While he kept watch over his table full of merchandise, we asked Everett if he’d want to talk about NYU or being a part of the community, he said smiled and said yes, but he didn’t want anything officially in print. We talked about William Carlos Williams instead. So next time you’re walking by those tables you should stop, say hey to Everett, and maybe pick up something new to read for less than five dollars.

[Image via.]



2 Comments

  • Laura Hetzel
    September 20, 2012

    whoa! love this.

  • Jacob King
    September 21, 2012

    Hi,

    NYU alum here. Everett is actually my great-uncle and I worked with him for about a year while in school. He’s very much estranged from my family and I had no relationship with him until I moved to the city.

    I won’t speak for him and the way in which he lives as that’s something I suspect he would be uncomfortable with but I will say that he’s been incredibly important in my own self-discovery over the years since connecting with him. He’s a kind and gentle being with an encyclopedic knowledge of books (obviously), but also film, philosophy, art, and the geography of New York City. Over the years we’ve had long dialogues about the representation of self, Polish cinema and the rise of neo-realism, Tuli Kupferberg (and if you don’t know who he is, you best look it up…), his family (in the Bronx, I believe) and his relationship with his sister (my grandmother), the weather, and the paths of our lives.

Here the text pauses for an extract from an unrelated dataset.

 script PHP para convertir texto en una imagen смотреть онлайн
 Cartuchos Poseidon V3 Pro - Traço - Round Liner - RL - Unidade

    I know it has recently been tough for him to continue his business with the rise of eBooks and eReaders, a trend he is very aware of. Everett does everything he can to ensure that he’s working as little as posisble over the cold months in the winter, despite the fact that he’ll still wear shorts. (He likes the feeling…)

    There used to be far more book sellers on West 4th street but unfortunately NYU is a lot of the reason why that isn’t the case any longer. I find it inspiring and amazing that he’s still doing this at his age.

    He still calls me from time to time and whenever I’m in the area on the weekends I make sure to stop by and say hello. He asks about how work is going and what my family is up to and he even continues to hold books for me based on my interests. I have an always growing stack of books from him that years later I’m still working my way through.

    I ultimately believe that we live in a state of entropy. (I mean “state” in a, ergh, “cosmic” sense, but also in the context of New York State/Manhattan as some vile and hyper-realistic visualization of entropy in action on an incomprehensibly universal scale.) Everett is a hold out from a different time, an entropic anti-hero. He’s a living representation of a New York City that has sadly been swept aside in favor of, among many things, a gross university business that has been polluting what used to be a culturally rich environment.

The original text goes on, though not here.